Es ist nicht ganz leicht, den Straßenkindern zu helfen, denn oftmals grenzen sie sich stark ab und sind es nicht mehr gewohnt, Regeln zu befolgen. Sie bleiben dann lieber unter sich. Inzwischen gibt es trotzdem viele Organisationen, die sich zur Aufgabe gemacht haben, den Kindern und Jugendlichen eine neue Perspektive zu bieten (z.B. Pater-Berno-Stiftung, IT, Kinderhilfe Rumänien etc.). Dort gibt es die Möglichkeit einer warmen Mahlzeit, einer Dusche, einer Art Unterricht, von Spielen und des Nachtasyls. Die Kinder kommen meist jedoch nur, wenn sie es z.B. wegen großer Kälte nicht mehr anders aushalten. Es gibt jedoch auch Ausnahmen – manche Kinder, die auf der Straße aufgewachsen sind, schaffen es z.B. auf der Schule „Die zweite Chance“, ihren Abschluss nachzuholen oder länger in einem Hilfszentrum zu bleiben – somit besteht eine Möglichkeit, ihr Leben langfristig tatsächlich zu verändern.

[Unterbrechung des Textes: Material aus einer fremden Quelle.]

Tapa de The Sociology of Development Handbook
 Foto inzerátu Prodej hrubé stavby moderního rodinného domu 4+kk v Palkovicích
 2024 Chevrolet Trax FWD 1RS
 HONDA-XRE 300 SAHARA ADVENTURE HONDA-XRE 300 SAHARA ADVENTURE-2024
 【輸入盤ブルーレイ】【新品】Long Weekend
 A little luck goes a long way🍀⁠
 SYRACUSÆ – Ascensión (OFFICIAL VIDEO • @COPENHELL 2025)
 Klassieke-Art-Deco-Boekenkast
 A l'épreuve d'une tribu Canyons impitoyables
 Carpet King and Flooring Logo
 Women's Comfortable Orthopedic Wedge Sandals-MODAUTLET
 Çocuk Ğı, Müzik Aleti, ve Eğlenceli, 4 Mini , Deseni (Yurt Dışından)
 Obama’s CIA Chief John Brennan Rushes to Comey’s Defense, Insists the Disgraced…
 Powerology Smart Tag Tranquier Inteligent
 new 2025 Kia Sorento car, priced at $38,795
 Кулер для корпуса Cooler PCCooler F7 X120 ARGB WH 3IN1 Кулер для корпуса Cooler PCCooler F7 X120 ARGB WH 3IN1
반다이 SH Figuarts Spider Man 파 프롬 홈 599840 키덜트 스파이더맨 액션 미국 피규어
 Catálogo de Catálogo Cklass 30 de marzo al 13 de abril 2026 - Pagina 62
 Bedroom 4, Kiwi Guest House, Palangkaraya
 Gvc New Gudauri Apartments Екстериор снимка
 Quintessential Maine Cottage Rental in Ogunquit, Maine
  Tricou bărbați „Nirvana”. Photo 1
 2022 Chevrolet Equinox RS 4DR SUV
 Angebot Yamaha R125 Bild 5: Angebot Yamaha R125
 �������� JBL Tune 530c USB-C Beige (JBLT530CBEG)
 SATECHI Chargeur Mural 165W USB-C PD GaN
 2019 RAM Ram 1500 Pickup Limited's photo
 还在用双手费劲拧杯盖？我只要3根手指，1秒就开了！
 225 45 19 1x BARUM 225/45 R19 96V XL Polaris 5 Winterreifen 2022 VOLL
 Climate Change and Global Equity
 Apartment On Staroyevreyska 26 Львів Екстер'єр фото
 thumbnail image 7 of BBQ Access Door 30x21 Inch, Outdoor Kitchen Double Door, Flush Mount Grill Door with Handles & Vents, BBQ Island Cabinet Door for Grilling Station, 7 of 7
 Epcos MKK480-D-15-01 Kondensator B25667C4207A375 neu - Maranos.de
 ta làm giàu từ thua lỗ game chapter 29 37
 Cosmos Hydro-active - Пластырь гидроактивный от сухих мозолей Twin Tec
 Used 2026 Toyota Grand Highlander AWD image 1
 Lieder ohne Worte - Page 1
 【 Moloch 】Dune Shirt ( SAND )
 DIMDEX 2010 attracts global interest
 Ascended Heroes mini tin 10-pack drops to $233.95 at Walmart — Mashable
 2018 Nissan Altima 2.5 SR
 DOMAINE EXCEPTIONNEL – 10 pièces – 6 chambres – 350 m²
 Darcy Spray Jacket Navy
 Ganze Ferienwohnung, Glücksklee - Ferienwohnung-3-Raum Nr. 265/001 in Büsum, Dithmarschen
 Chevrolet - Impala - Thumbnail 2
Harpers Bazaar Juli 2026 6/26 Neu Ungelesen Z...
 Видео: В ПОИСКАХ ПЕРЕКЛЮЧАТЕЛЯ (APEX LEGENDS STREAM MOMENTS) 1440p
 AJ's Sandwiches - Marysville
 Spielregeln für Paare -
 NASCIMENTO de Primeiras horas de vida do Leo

Die Situation der Straßenkinder in Timişoara heutzutage
Aus dem Interview mit Frau Edith Kirchmann (Kinderhilfe Rumänien e.V.)
Auch die Stadt Timişoara versuchte auf die problematische Situation zu reagieren, indem beispielsweise Gullideckel verschlossen wurden, sodass die Jugendlichen nicht mehr in die Kanalisation absteigen können. Trotzdem fanden sich immer wieder Wege, diese bauliche Veränderung zu umgehen – ebenso wie das Gesetz, dass die Straßendroge Aro-Lac nur an Kunden mit Ausweis verkauft werden darf. Die Öffentlichkeit reagiert meistens abweisend und diskriminierend auf die Straßenkinder, was alleine schon an ihrem umgangssprachlichen Namen „Rattenkinder“ gut erkennbar ist. Auch Misshandlungen seitens der Polizei gegenüber den Kindern waren keine Seltenheit, vermehrte Warnungen aus der EU führten hier jedoch zu einer Verbesserung. Inzwischen leben auf den Straßen in Timişoara keine Kinder mehr. Es ist verboten, sodass sie von der Polizei in verschiedene Kinderheime und andere Einrichtungen gebracht wurden. Zudem gibt es inzwischen auch mehrere Bücher, Stücke und Filme, die versuchen, auf das Thema aufmerksam zu machen, wie beispielsweise „Wenn ich weine, schlägt mein Herz“ (Anne Schütze, 2008) oder „Die Stelzen“ (Francisca Ricinski, 2003).